Mais tarde, as canas, os touros e os fogos tinham tornado Outubro um verdadeiro Verão. Os povos viram tourear os fidalgos mais garbosos acompanhados por lacaios que encantavam em trajes surpreendentes. E as canas haviam sido um espectáculo grandioso, com as suas quadrilhas multicolores, imitando os torneios medievais, quando os cavaleiros lutavam pelo amor de uma bela dama. Bem... e ainda os fogos! Quem não gostava dos fogos? E desta vez, máquinas estranhas tinham sido construídas: uma delas parecia uma pirâmide, com uma senhora em cima. A senhora parecia a bela rainha, mas também podia ser a mãe de Cristo Senhor. Uma outra imitava um homem muito forte com uma bola azul entre os braços alevantados, as gentes diziam que tinha sido um herói dos tempos idos. Que ele era forte, assim parecia. E muito feio, também. Mas o que era mesmo belo eram as estrelas que caíam dos céus e pareciam abençoar os reis mais os seus povos. Envolvendo tudo numa atmosfera paradisíaca. Razão tinha o autor da Anti-Catastrophe, um livro que tinha sido escrito sobre esse rei Afonso que, de alegre e folião, tinha passado a ser triste e prisioneiro, pouco tempo depois das tais festas. [O que lembrava, aliás, como as coisas no mundo são efémeras.]

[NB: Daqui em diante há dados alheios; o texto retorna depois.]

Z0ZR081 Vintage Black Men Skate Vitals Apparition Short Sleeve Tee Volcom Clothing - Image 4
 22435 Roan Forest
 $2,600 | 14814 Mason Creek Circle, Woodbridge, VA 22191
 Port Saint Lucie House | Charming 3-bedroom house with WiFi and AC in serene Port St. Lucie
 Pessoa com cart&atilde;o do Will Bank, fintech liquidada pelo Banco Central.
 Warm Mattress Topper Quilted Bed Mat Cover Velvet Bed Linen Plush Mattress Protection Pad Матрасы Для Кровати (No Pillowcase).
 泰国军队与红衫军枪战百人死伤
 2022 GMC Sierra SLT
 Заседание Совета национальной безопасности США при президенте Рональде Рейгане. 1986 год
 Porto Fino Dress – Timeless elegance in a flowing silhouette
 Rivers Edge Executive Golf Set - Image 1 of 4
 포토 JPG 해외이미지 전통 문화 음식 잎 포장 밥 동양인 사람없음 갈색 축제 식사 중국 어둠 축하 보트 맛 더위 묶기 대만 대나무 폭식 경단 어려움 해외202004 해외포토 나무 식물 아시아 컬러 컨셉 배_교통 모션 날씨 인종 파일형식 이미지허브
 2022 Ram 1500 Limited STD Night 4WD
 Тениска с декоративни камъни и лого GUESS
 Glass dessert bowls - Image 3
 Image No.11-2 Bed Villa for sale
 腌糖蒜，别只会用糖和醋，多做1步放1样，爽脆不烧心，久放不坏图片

Falava o livro do imaginado desvanecimento da plebe em semelhantes occasiões de contentamento e alegria. Que podiam os povos fazer senão terem contentamento e alegria em semelhantes ocasiões? Nos vinte e seis anos de guerra lembravam-se apenas de constantes e porfiados esforços, dos filhos que partiam e não regressavam, das noivas por casar, das bocas por alimentar. Tanta ostentação e riqueza pareciam anunciar melhores dias, podiam bem pensar... Não admira o frenesim quando da preparação da festa, até porque os espectáculos teatrais que desde finais do século XVI vinham animando Lisboa estavam a tornar-se menos frequentes e menos atractivos. O outrora buliçoso Pário das Arcas definhava pouco a pouco, e a própria fidalguia, que no início havia aderido entusiasticamente aos divertimentos do teatro de comédia, começava a desinteressar-se por tais eventos, onde acorria gente de toda a proveniência social, onde os tumultos e os confrontos físicos eram frequentes (coisas que cada vez menos eram próprias de nobres), e onde nem sequer era possível conviver directamente com as damas, já que estas ficavam encerradas num espaço especialmente reservado para elas existente no recinto do pátio». In Ângela Barreto Xavier, Pedro Cardim, Fernando Bouza Álvarez, Festas que se fizeram pelo Casamento do rei Afonso VI, Quetzal Editores, Lisboa, 1996, ISBN 972-564-268-6.